Once the line holding "Windows Media Player 10 beta - Options" is found in the listing below, write it out and each later line exactly, up to and including the one holding "vidaXL Künstlicher klappbarer".

Extracted information.

══════════

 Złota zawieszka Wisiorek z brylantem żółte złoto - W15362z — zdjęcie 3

══════════

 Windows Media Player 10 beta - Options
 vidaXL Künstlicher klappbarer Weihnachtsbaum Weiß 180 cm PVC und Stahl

══════════

Task answer.
 Windows Media Player 10 beta - Options
 vidaXL Künstlicher klappbarer Weihnachtsbaum Weiß 180 cm PVC und Stahl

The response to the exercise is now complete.